## Work item:
Write the listing out again exactly as it stands, with no images.

START Data excerpt

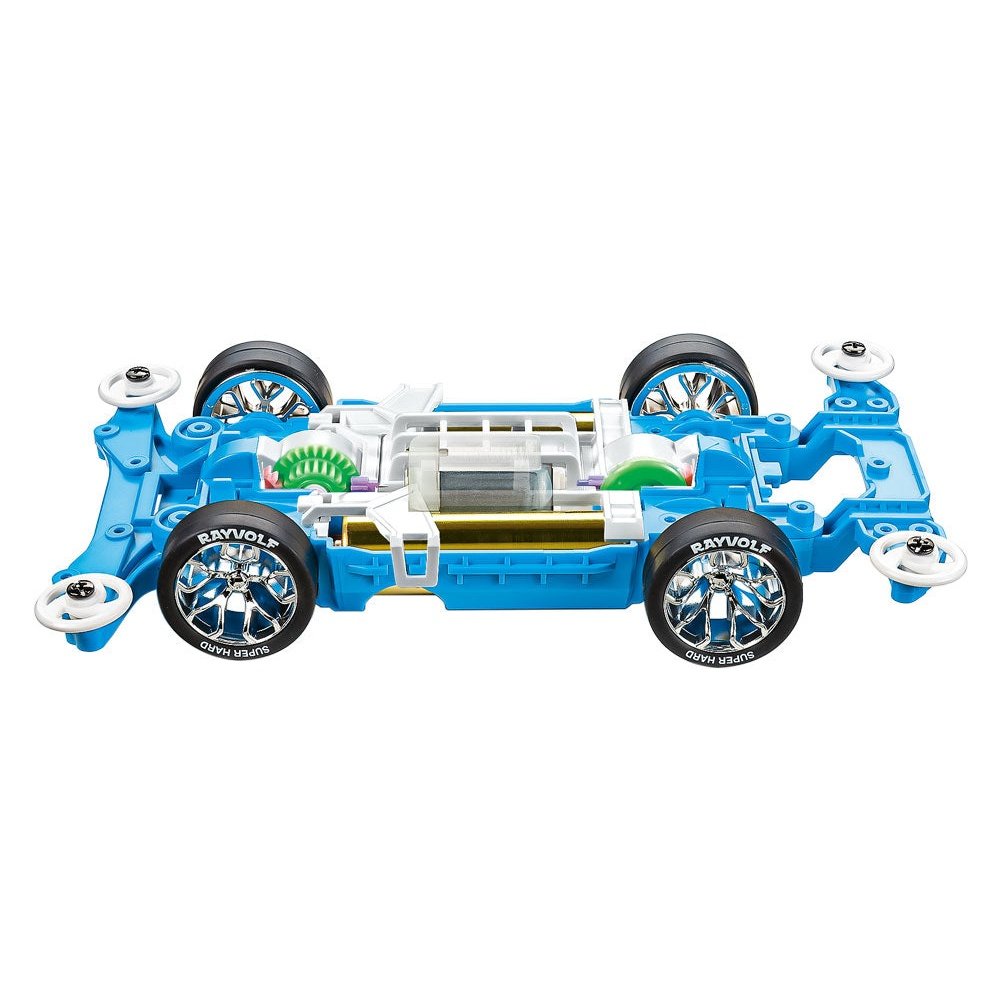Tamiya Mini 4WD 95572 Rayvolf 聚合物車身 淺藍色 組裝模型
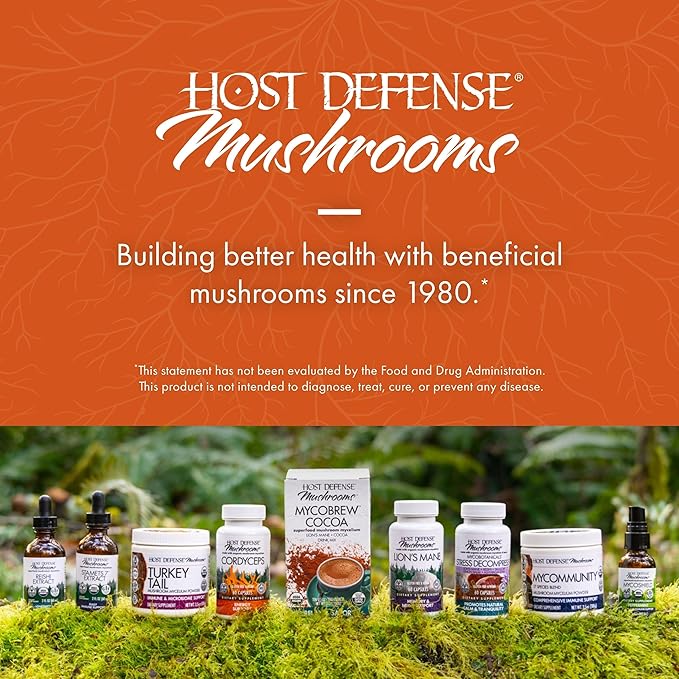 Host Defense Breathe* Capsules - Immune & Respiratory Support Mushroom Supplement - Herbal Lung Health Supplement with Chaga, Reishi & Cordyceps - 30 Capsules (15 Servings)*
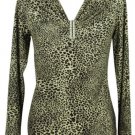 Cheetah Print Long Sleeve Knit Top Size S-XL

END Data excerpt

## Task solution:
Tamiya Mini 4WD 95572 Rayvolf 聚合物車身 淺藍色 組裝模型
 Host Defense Breathe* Capsules - Immune & Respiratory Support Mushroom Supplement - Herbal Lung Health Supplement with Chaga, Reishi & Cordyceps - 30 Capsules (15 Servings)*
 Cheetah Print Long Sleeve Knit Top Size S-XL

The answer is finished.